A wealthy testator made his will, taking steps to mitigate the impact of inheritance tax on his estate after his death. He instructed the first defendant solicitor to draft a trust settlement into which he paid £550,000 to make provision for his issue. The first claimant and the first defendant to the present proceedings were named as trustees and the beneficiaries were defined as the children and any remoter issue of the settlor born within an 80-year perpetuity period commencing on the date of the settlement.

The trustees had a discretionary power to pay or apply income to or for the benefit of one or more of the beneficiaries, with a power to accumulate income for 21 years. There was also a discretionary power to pay or apply capital to or for the benefit of one or more of the beneficiaries. The settlement was a fairly conventional discretionary settlement and there had been no distributions to any beneficiary since its creation.

Following the settlor's death, well after the expiration of the seven year period, Revenue and Customs pointed out that the inheritance tax saving intended to be achieved by the transfer of the £550,000 to the settlement had failed. They said that as the trustees had made no appointments, the settlement was a discretionary one in respect of which none of the beneficiaries had any interest in possession; nor did the settlement qualify as an accumulation and maintenance settlement within s. 71 of the Inheritance Tax Act 1984 (‘IHTA 1984’). In the circumstances, the transfer of the £550,000 to the settlement did not qualify as a potentially exempt transfer within IHTA 1984, s. 3A. The transfer was instead a chargeable transfer.
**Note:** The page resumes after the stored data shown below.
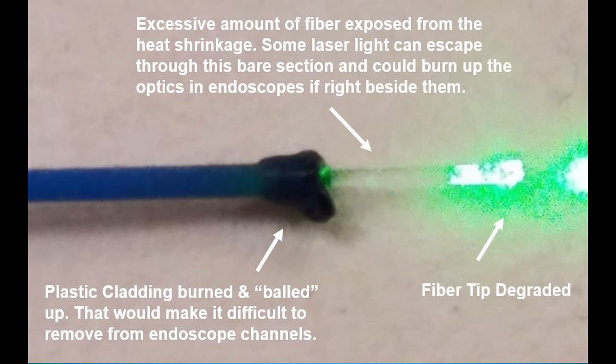You can see here that much more of the fiber is now exposed because the heat causes that plastic cladding to retract. With all of that extra fiber exposed, light actually does come out through there — not as strong as at the tip, but it comes out. And if you've got an endoscope optic right beside that, it will heat-craze it and burn it out. So that's a consideration.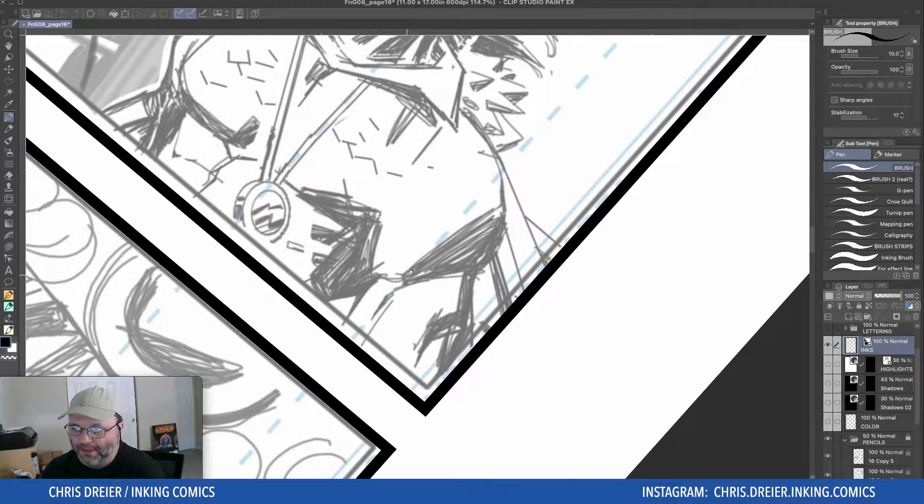If I did it slow, it wouldn't look good. Like a lot of inking techniques, if you go slow, the lines waver a bit. You've got to kind of be confident in it. So I basically push down, flick up, or arc it.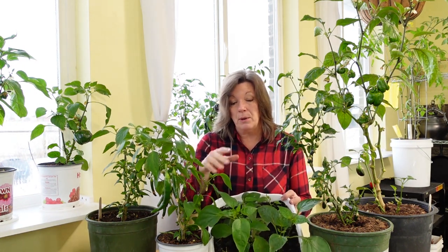This fall, just before the first frost, we went out into the garden and dug up many of our peppers, so we have a huge variety to see if we could overwinter them indoors. And as you can see, we have been incredibly successful. I also took some clippings and rooted them to see if I could clone them.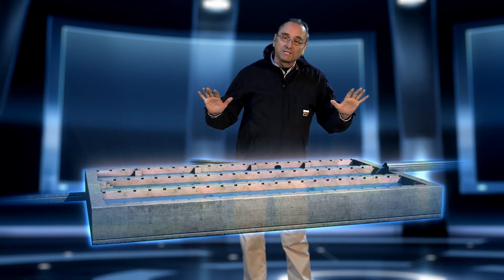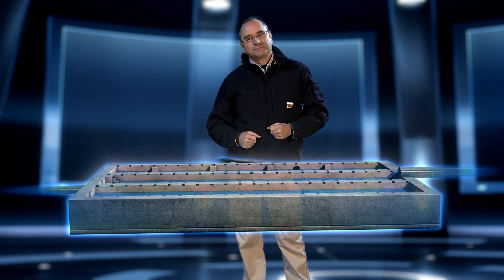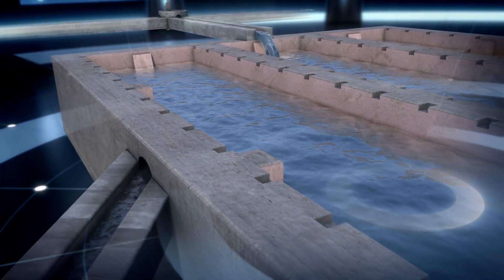This process is called decanting. So these systems are in fact decanters. They were not used to store the water, but to purify it. The cleanest water is that closest to the surface, and for this reason the water outlet is at the top, just slightly below the entry level.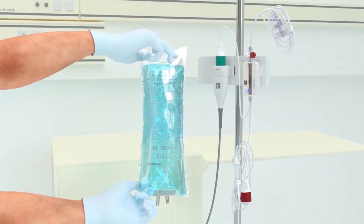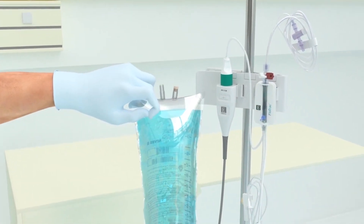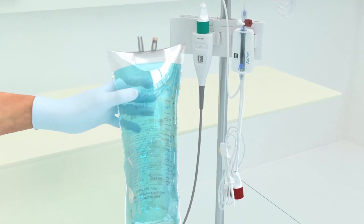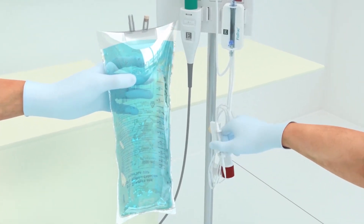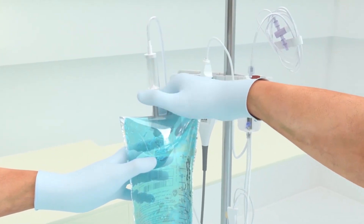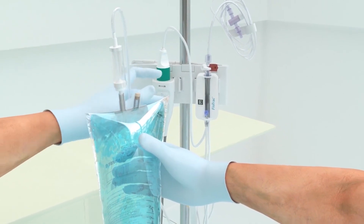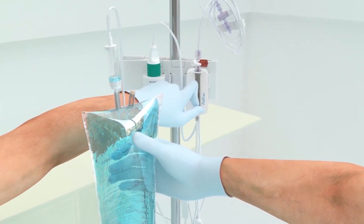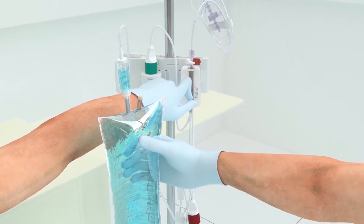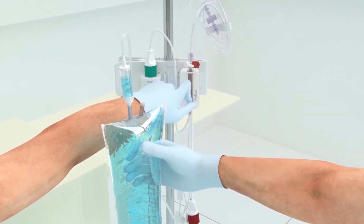To remove the air and prime the FlowTrack system, invert the fluid bag, then spike the fluid bag. Gently squeeze all the air out of the bag with one hand while pulling the flush tab with the other hand until all the air is emptied and the drip chamber is halfway filled. If air is not removed from the bag, air may be forced into the patient's vascular system when the solution is exhausted.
The first defendant claimed that he had acted in haste in drafting the settlement and did not fully appreciate the effect of the words used or the need to create an interest in possession and had made a genuine error in drawing up the settlement.
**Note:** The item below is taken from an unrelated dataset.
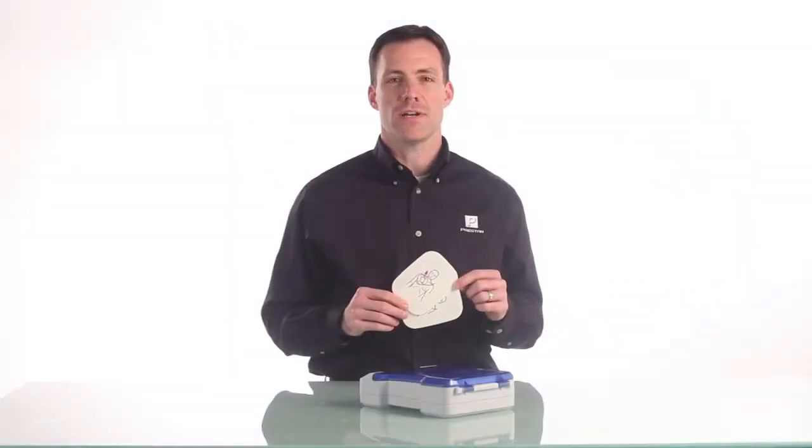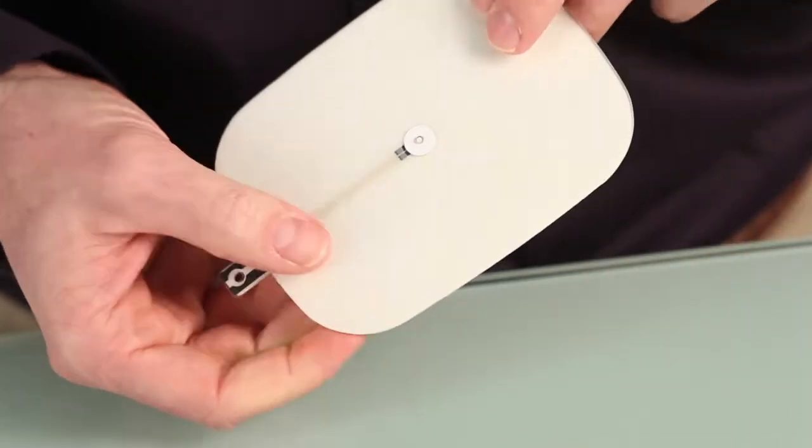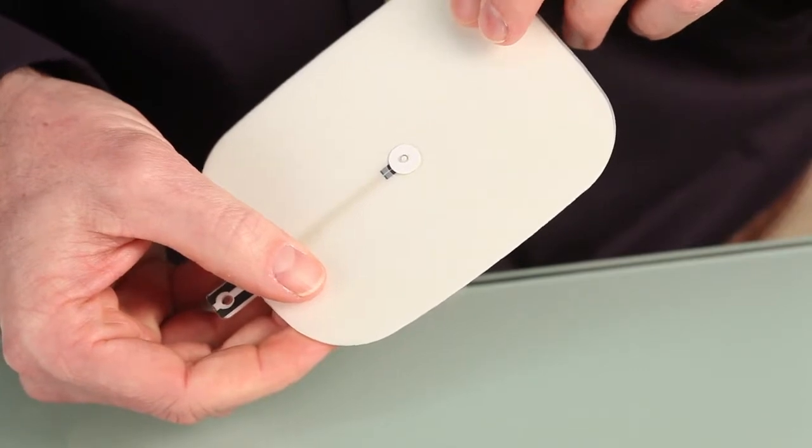The Preston AED Trainer pads are made of a durable foam-like material with a silicone-based adhesive, providing a minimum of 25 to 30 applications.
Therefore an application was made to the court to rectify the settlement by redrafting it. The Revenue did not wish to be joined as a party to the proceedings.

Issue

Whether rectification was justified as the testator had executed the settlement in a mistaken belief as to the effect of its drafting.

Decision

Rimer J (dismissing the application) said that rectification was a discretionary equitable remedy. Its function was to enable parties to a transaction to correct mistakes in the way their transaction had been recorded. It was no part of its function to enable parties to change the substance of the transaction they had entered into. The remedy of rectification was also available to achieve the correction of a voluntary settlement so as to enable any mistakes in the settlement as executed to accord with the settlor's true intention when he executed it (Re Butlin's Settlement Trusts, Butlin v Butlin [1976] Ch 251 applied). The present case was far removed from the usual type of case in which rectification was or might be available. The rectification sought was, in effect, the substitution of the settlement as executed by a settlement in materially different form, although what was formally sought was the amendment of the executed settlement by the deletion and addition of various provisions.

The evidence showed that the settlor's instructions to the first defendant went little further than an indication that he wanted to give away £550,000 in a manner which would save his estate from inheritance tax if he survived seven years; and that he wanted to do it by paying the money to a settlement he proposed to create for his children, whilst not wanting them to be entitled to the money until after his death. There was no suggestion that he had the faintest idea of the legal requirements of a potentially exempt transfer, let alone that he had ever considered s. 3A of IHTA 1984. In all the circumstances, the settlor intended to execute a settlement in exactly the form that the first defendant drafted. In so far as he was labouring under a mistake when he did so, that mistake was not as to the language, terms, meaning or effect of the settlement. His only mistake was that a payment of the £550,000 to it would be a potentially exempt transfer. A mistake of that nature was not one which the court had any jurisdiction to rectify. Since the settlor should be assumed to have understood the meaning and effect of the substantive trusts and powers of the settlement he executed, and to have intended to execute a settlement in that form with the legal effect it had, there was no error in the drafting of the settlement, or his understanding of it, that called for correction. It might be that, if the first defendant had given him proper advice, the settlor would have agreed to a settlement in the form of the proposed re-draft but that was not the point. The question was whether it could be said that he intended to execute a settlement in that form, and only executed the settlement in its very different form in the mistaken belief that it had in fact been drafted in the form of the re-draft. The proposition that he was labouring under any such mistake was absurd. He had no such intention and nor did he execute the settlement under any such mistake.

Chancery Division. Judgment delivered 26 July 2006.